### Exercise objective
Would you transcribe the listing that follows, character for character, and omit its images?

### Collected material
▬▬▬▬▬▬

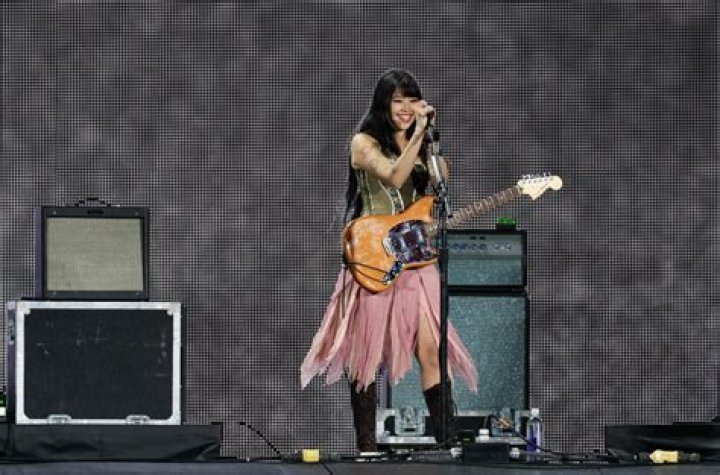 Beabadoobee on Opening for Taylor Swift and Filipino Representation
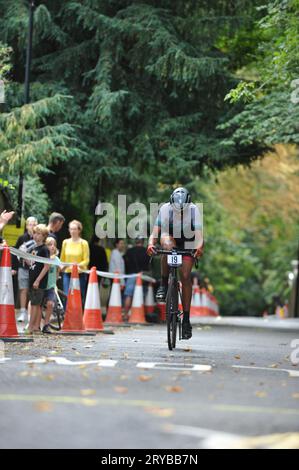 Die Radfahrer fahren in der London Cycling Campaign Urban Hill Climb auf die Swains Lane, Highgate, London, UK. Die Veranstaltung ist ein flaches Rennen auf der steilsten Straße Londons, und neben Alters- und Geschlechterkategorien gibt es Wettbewerbe für Falt- und Lastenräder. Swain’s Lane ist der berühmteste und berüchtigtste Aufstieg in London. Die Fahrspur ist ein extrem steiler Abschnitt zwischen Hampstead Heath und Highgate Cemetery mit einem Gefälle von durchschnittlich 9 % über 0,6 km, das sich aber in der Nähe der Bergspitze auf 14 % erhöht. Quelle: Michael Preston/Alamy Live News Stockfoto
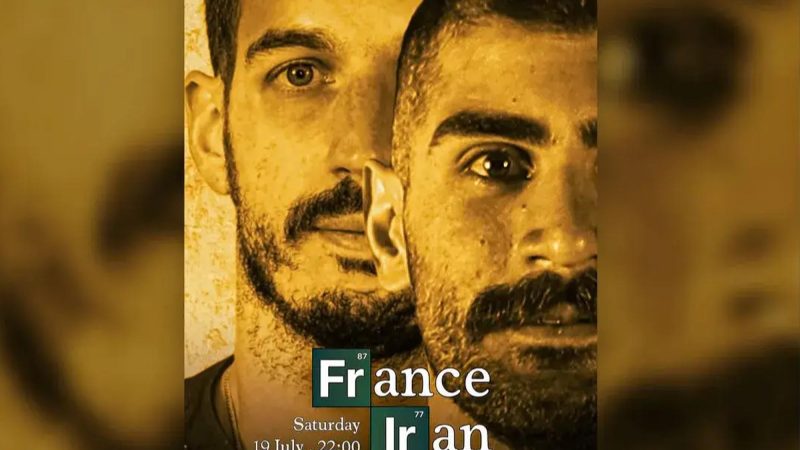 رونمایی از پوستر تیم ملی والیبال ایران پیش از بازی با فرانسه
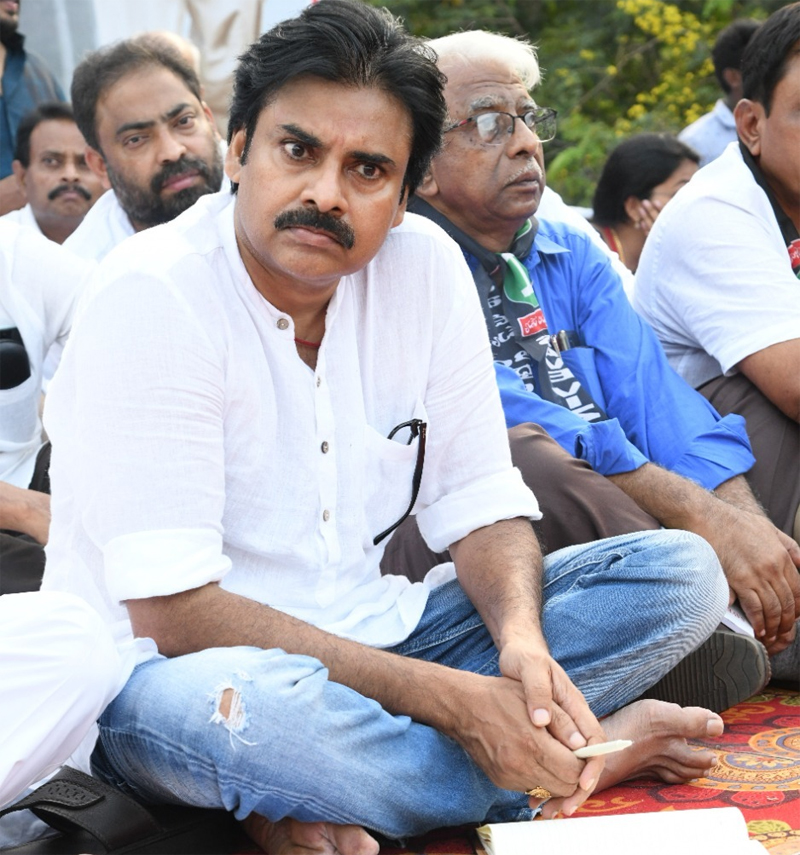 pawan kalyan,vizag steel plant,privatisation,idealist politician,pawan  పవన్‌ ఐడియలిస్ట్ పొలిటీషియన్‌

▬▬▬▬▬▬

### Result for this exercise
 Beabadoobee on Opening for Taylor Swift and Filipino Representation
 Die Radfahrer fahren in der London Cycling Campaign Urban Hill Climb auf die Swains Lane, Highgate, London, UK. Die Veranstaltung ist ein flaches Rennen auf der steilsten Straße Londons, und neben Alters- und Geschlechterkategorien gibt es Wettbewerbe für Falt- und Lastenräder. Swain’s Lane ist der berühmteste und berüchtigtste Aufstieg in London. Die Fahrspur ist ein extrem steiler Abschnitt zwischen Hampstead Heath und Highgate Cemetery mit einem Gefälle von durchschnittlich 9 % über 0,6 km, das sich aber in der Nähe der Bergspitze auf 14 % erhöht. Quelle: Michael Preston/Alamy Live News Stockfoto
 رونمایی از پوستر تیم ملی والیبال ایران پیش از بازی با فرانسه
 pawan kalyan,vizag steel plant,privatisation,idealist politician,pawan  పవన్‌ ఐడియలిస్ట్ పొలిటీషియన్‌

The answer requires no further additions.